In its annual report on press freedom violations in Yemen, the YJS again identifies Yemen’s internationally recognized government of President Hadi and the Houthis who lead the de facto government in Sana as those mainly responsible for the attacks against media workers. The government committed 44% of all registered violations while the Houthi group was responsible for 29.5% of the violations. Unknown individuals committed 13 violations ( 11.6%) and the Southern Transitional Council (STC) committed 12 (10.7%).
The YJS reported 33 (29.5%) cases of kidnappings and arrests in addition to 22 cases (19.6%) of threats and incitement against journalists. Thirteen cases (11.6%) of bans and confiscation of material and equipment and 10 cases (8.9%) of prosecution and investigation were reported. In addition, 10 cases (8.9%) of journalists being suspended from their job and 7 cases (6.3%) of torture were reported. Six cases (5.4%) of assaults and 3 cases (2.7%) of murder were documented.
One of the most dangerous countries for journalists
Since the beginning of the civil war in Yemen in 2015, the country has become one of the most dangerous countries for journalists in the world. The war, which is often considered as a “forgotten war”, has very little international media coverage due to attempts to silence independent reporting, which has resulted in a news deficit.

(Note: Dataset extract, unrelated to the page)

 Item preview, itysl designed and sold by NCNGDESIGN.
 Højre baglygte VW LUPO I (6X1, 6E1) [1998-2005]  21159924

The crimes that Yemeni journalists suffer daily range from targeted killings, imprisonment, attacks on media houses, shutdown of media and confiscation of newspapers to death threats, harassment, torture and murders. Today, thirteen journalists remain kidnapped, of which eleven were seized by the Houthis. Some of them have been held for more than five years.
The latest crime against a Yemeni journalist happened on December 30, when a TV journalist was killed in a missile attack on Aden Airport. It is still unclear who is behind the attack and nobody has claimed responsibility for it.
IFJ General Secretary, Anthony Bellanger, said: “The YJS annual report reveals the extremely difficult and dangerous context in which Yemeni journalists do their job. On top of this, the level of impunity for crimes against journalists in Yemen is obscenely high, something the IFJ has repeatedly condemned. The authorities must take action to stop the targeting of journalists and media".